I have many vices, but a belief in the Just-World Hypothesis is not one of them. I do not personally believe that there is any moral order to either nature of history*, and indeed, I am of the impression that such a belief tends to cause its adherents to behave in morally indefensible ways. After all, why bother with empathy or compassion when you believe that everyone who suffers must deserve their suffering? And why stand up to the rich and powerful when you believe that they must deserve their wealth and power?
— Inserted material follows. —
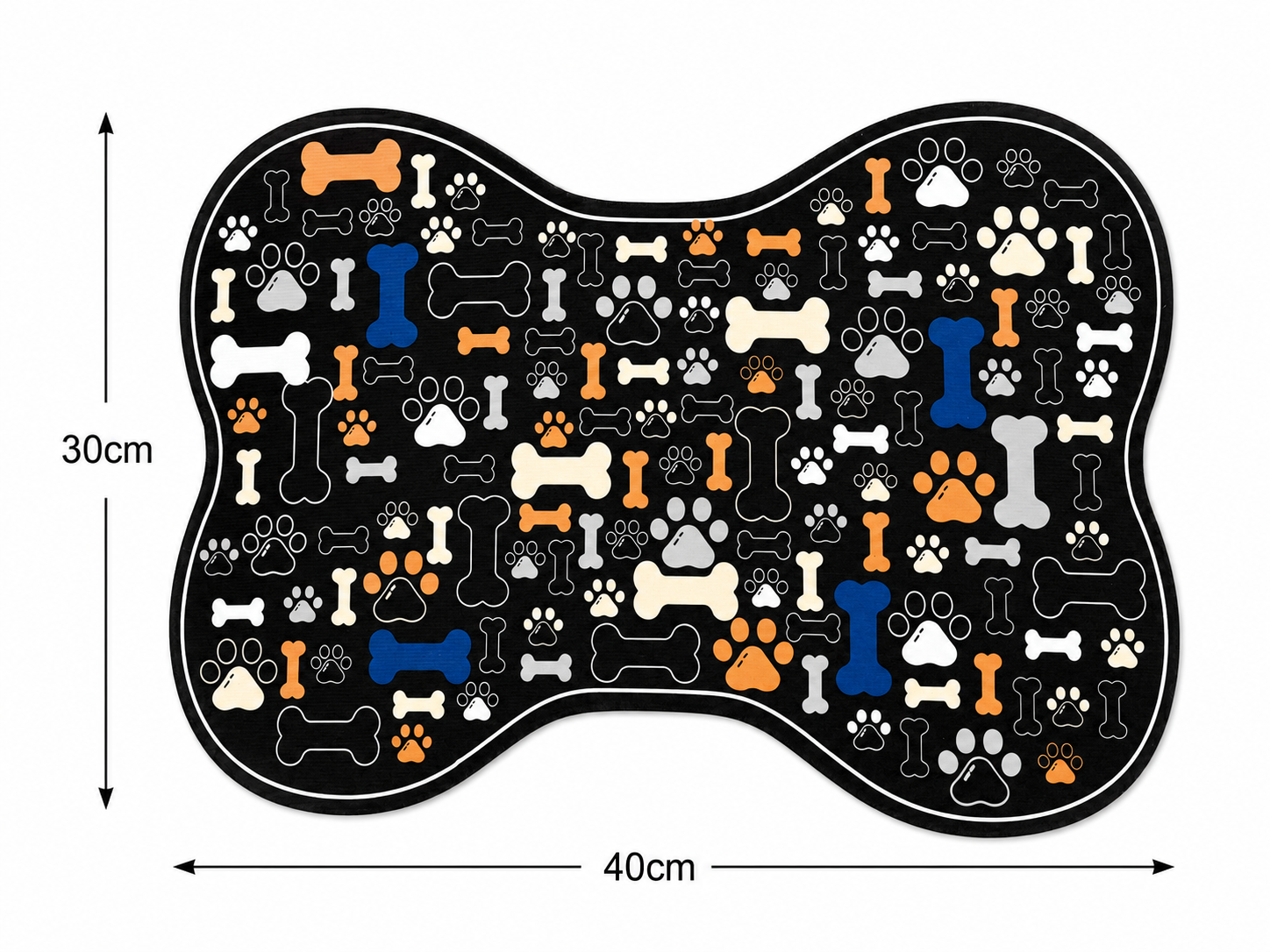 Alfombra Impermeable para Comedero y Bebedero Sali - Diseño Huellas y Huesitos 🐾🍽️pet_supplies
I do, however, have an unfortunate tendency to fall victim to an equally-insidious cognitive bias, one which I call “The Efficient-World Hypothesis.” This is the bias towards thinking that everyone and everything in the world is performing its designated function efficiently. Obviously, this is a terrible assumption: incompetence, accident, and unavoidable inconvenience abound throughout the world, and supposing that, say, your car is going to start after a cold winter’s night**, or that your paycheques will be delivered to you on time, is just a recipé for tears and frustration.
I have known for a long time that I suffer from this problem, but I will still frequently stumble into it when I’m not consciously trying not to do so. I suspect that this is motivated by my anxiety: when I start to think of things that could possibly go wrong, I can usually come up with an awfully large number of them, and I will begin to worry. As I find worrying to be intensely unpleasant, I have learned to sidestep it by just assuming that everything will go well. It’s good for my mental health in the short run, but bad for both it and my prospects in the long.
*And indeed, I personally conceptualize my existence as a trans woman as being entirely a result of random fluctuations in nature.
**I don’t actually drive, but it’s a legitimate example.